You are viewing a plain text version of this content. The canonical link for it is here.
Posted to common-user@hadoop.apache.org by onur ascigil <on...@hotmail.com> on 2009/11/24 06:52:11 UTC

Hadoop Performance

I am running Hadoop on a single machine and have some questions about its performance.
I have a simple java program that runs breadth first search on a graph
with 5 nodes. It involves several map-reduce iterations. 

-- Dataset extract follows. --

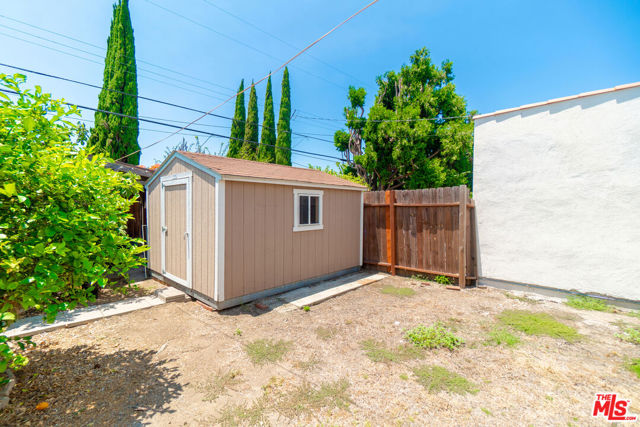3300 Garden Avenue, Los Angeles CA: https://media.crmls.org/mediaz/c093aaf9-5bff-46a3-9075-fcadfca29086.jpg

 I observed that, Hadoop takes too long to produce
results on such a simple job. So I attached a java profiler to my mapreduce job 
(runJar) to see what is going on. The java profiler reported several IPC 
connections to ports 54310 and 54311. Each of these IPCs to Jobtracker and 
HDFS takes around 10 seconds!

First of all why are these IPCs take this long? 
And I am wondering if there is anyway to improve
the performance of these IPC calls. Does Hadoop
have such a large fixed-cost ? 

I would really appreciate any comments or suggestions.
Thanks in advance,
Onur
 		 	   		  
_________________________________________________________________
Windows Live Hotmail: Your friends can get your Facebook updates, right from Hotmail®.
http://www.microsoft.com/middleeast/windows/windowslive/see-it-in-action/social-network-basics.aspx?ocid=PID23461::T:WLMTAGL:ON:WL:en-xm:SI_SB_4:092009

Re: Hadoop Performance

Posted by Amogh Vasekar <am...@yahoo-inc.com>.
Hi,
For "near" real time performance you may try Hbase. I had read about Streamy doing this, and their hadoop-world-nyc  ppt is available on their blog:
http://devblog.streamy.com/2009/07/24/streamy-hadoop-summit-hbase-goes-realtime/

Amogh


On 11/25/09 1:31 AM, "onur ascigil" <on...@hotmail.com> wrote:



Thanks for your reply! I am running 0.20.1 in pseudo-distributed mode
in Ubuntu.
I want to run interactive jobs with Hadoop and trying to see
if Hadoop is suitable for that purpose or not. I wonder
if there is anybody using Hadoop for interactive jobs where
given a query, output is returned within an acceptable
amount of time. Is Hadoop meant to be used only for batch processing?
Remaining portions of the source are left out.